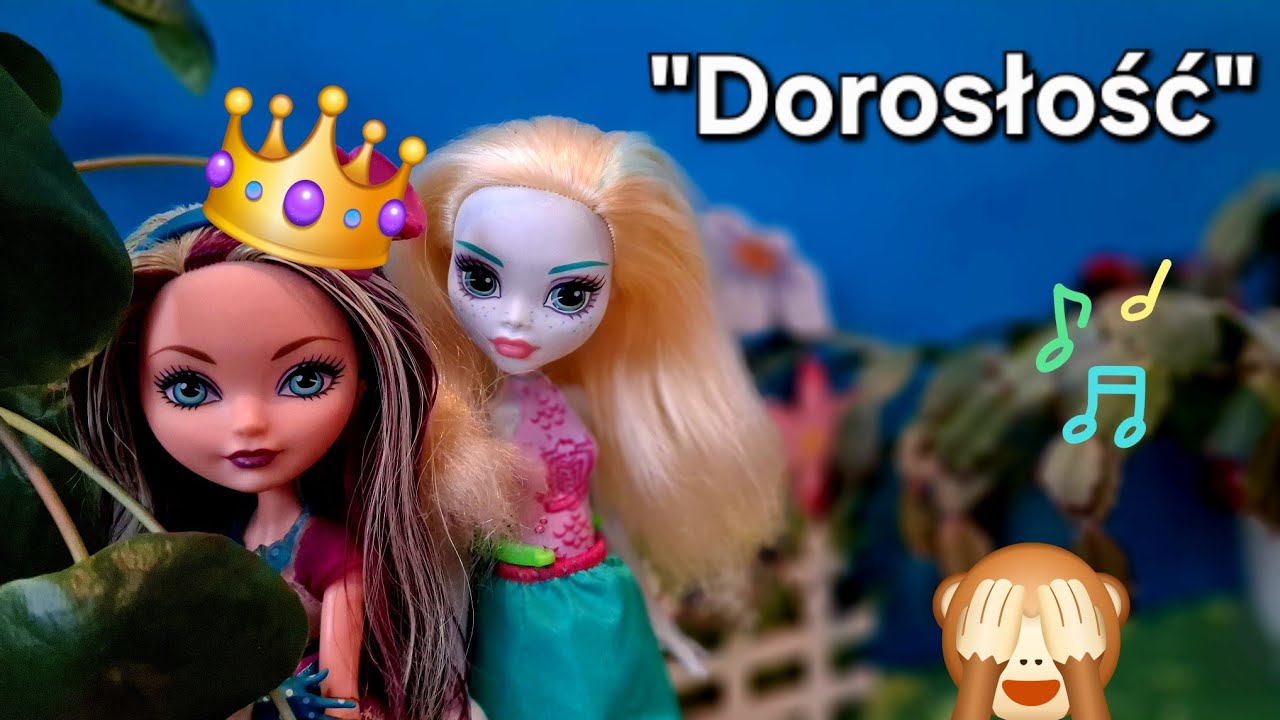 Monster high 6 - odcinek 187 - Dorosłość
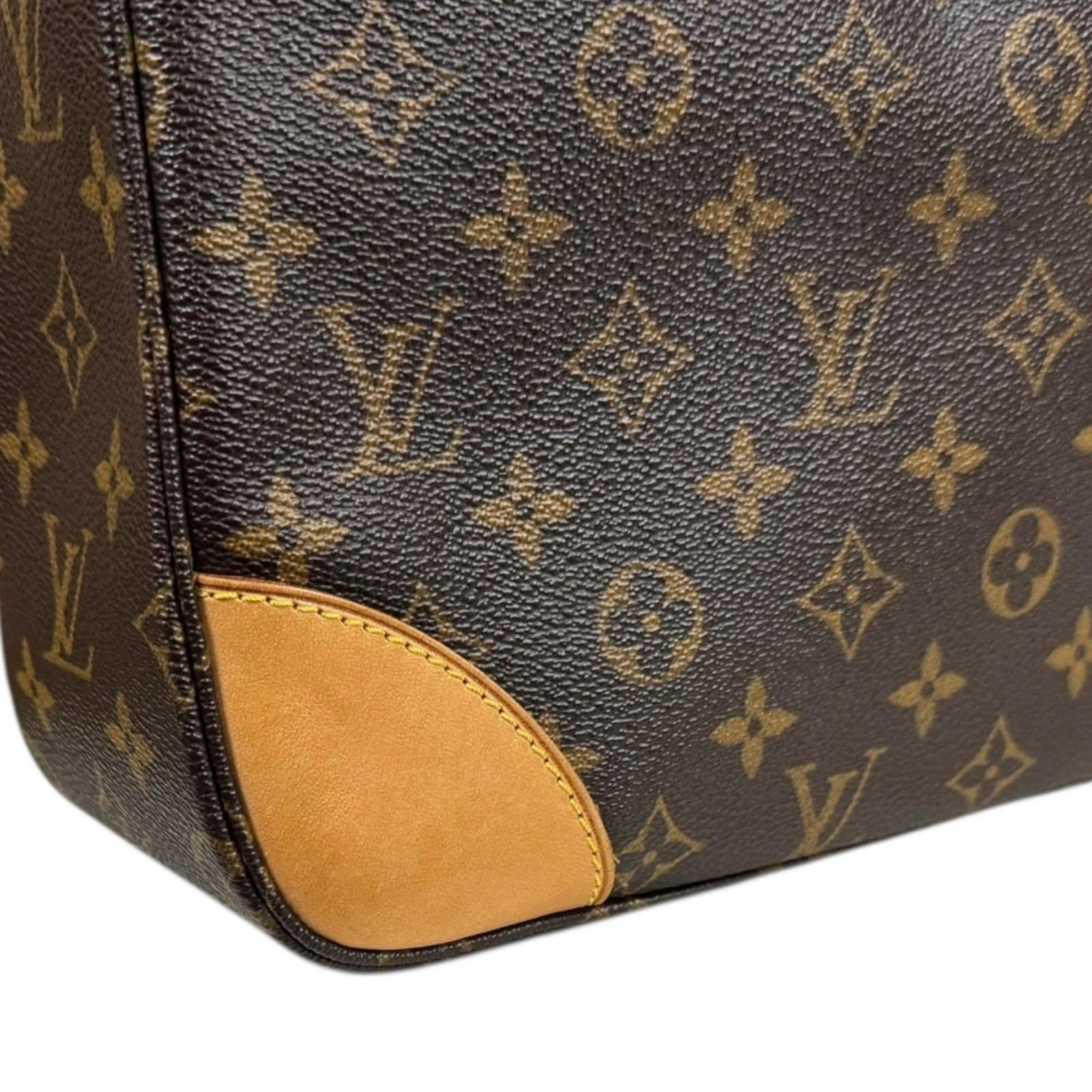 Louis Vuitton Brown Monogram Canvas Shoulder Bag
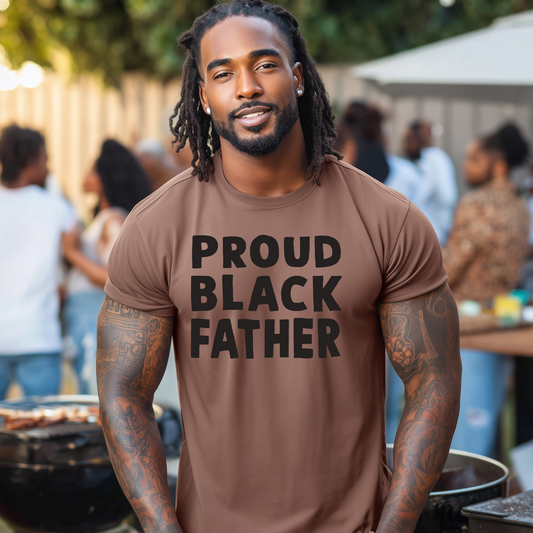 Proud Black Father tee
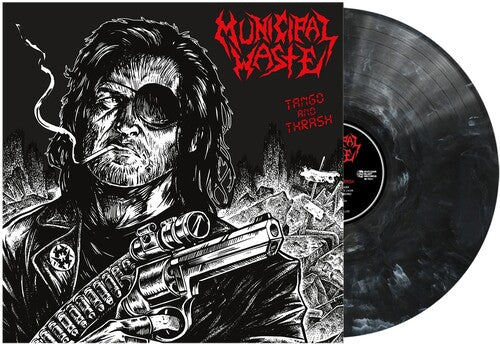 Municipal Waste - Tango & Thrash LP (Colored Vinyl, Black, White)(Preorder: Ships May 24, 2024)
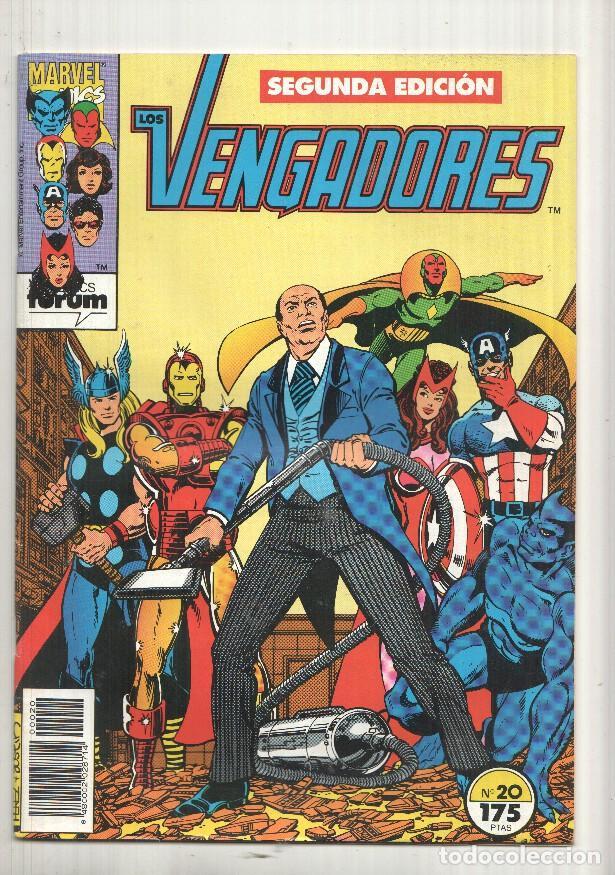 C&oacute;mics: Planeta: Los Vengadores num 20, 2a ed. - El Impecable Jarvis. Comics Forum - Foto 1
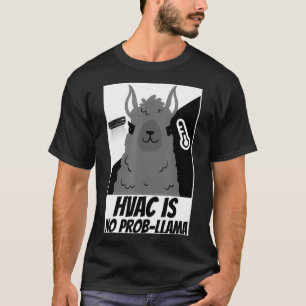 HVAC Tech Funny HVAC Installer Techniker AC Repai T-Shirt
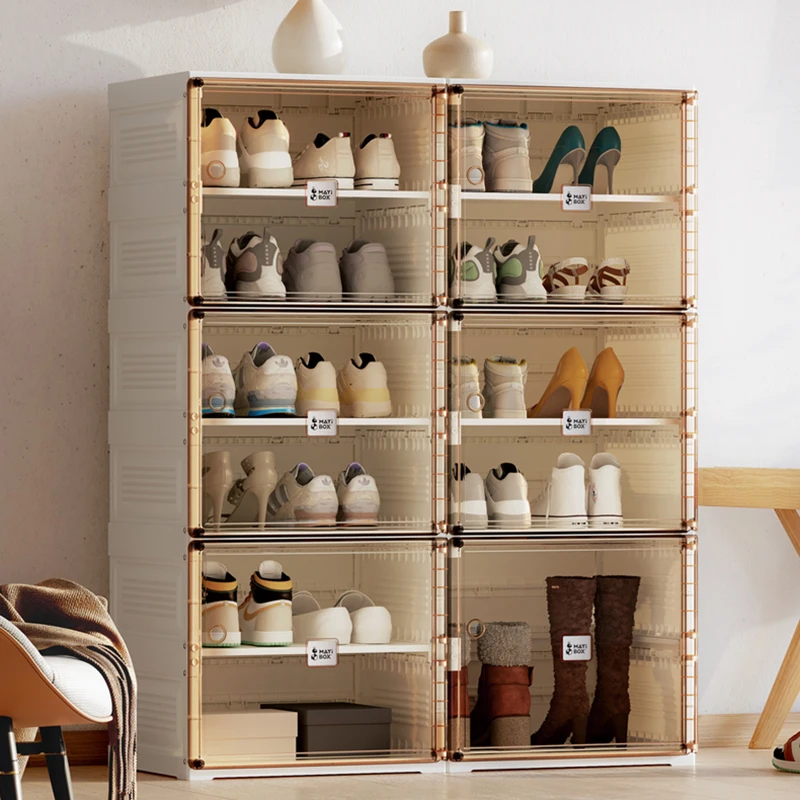 Modern Entrance Shoe Cabinets Narrow Display Storage Corner Shoe Rack Wooden Space Saving Vertical Sapateira Furniture XY50SC
Modern Entrance Shoe Cabinets Narrow Display Storage Corner Shoe Rack Wooden Space Saving Vertical Sapateira Furniture XY50SC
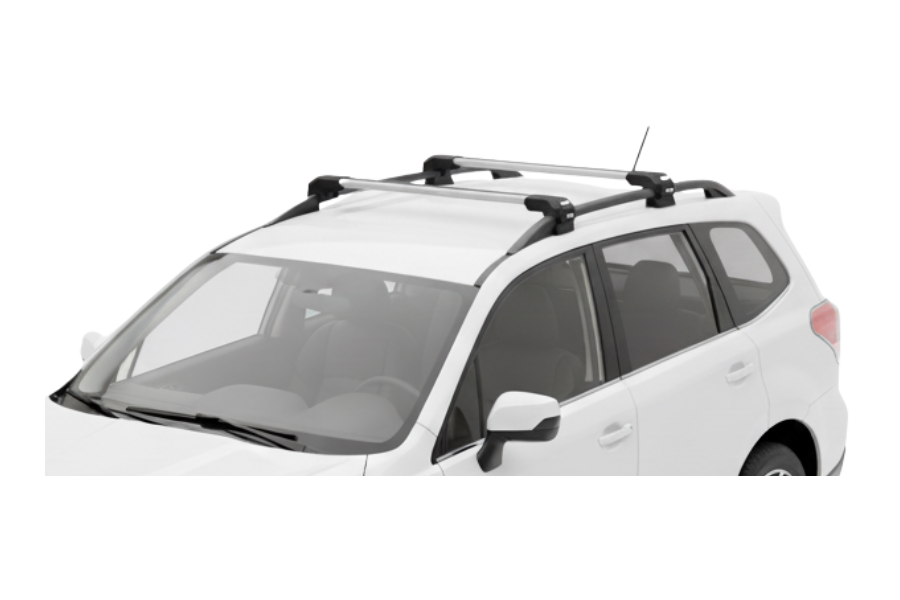 Barras THULE EDGE Flush para autos SUBARU Forester 2013 a 2018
═══
§ WHAT THIS TASK INVOLVES
Write out the records above exactly. Pictures do not belong in the copy.

§ EXPECTED OUTPUT
 Monster high 6 - odcinek 187 - Dorosłość
 Louis Vuitton Brown Monogram Canvas Shoulder Bag
 Proud Black Father tee
 Municipal Waste - Tango & Thrash LP (Colored Vinyl, Black, White)(Preorder: Ships May 24, 2024)
 C&oacute;mics: Planeta: Los Vengadores num 20, 2a ed. - El Impecable Jarvis. Comics Forum - Foto 1
 HVAC Tech Funny HVAC Installer Techniker AC Repai T-Shirt
 Modern Entrance Shoe Cabinets Narrow Display Storage Corner Shoe Rack Wooden Space Saving Vertical Sapateira Furniture XY50SC
Modern Entrance Shoe Cabinets Narrow Display Storage Corner Shoe Rack Wooden Space Saving Vertical Sapateira Furniture XY50SC
 Barras THULE EDGE Flush para autos SUBARU Forester 2013 a 2018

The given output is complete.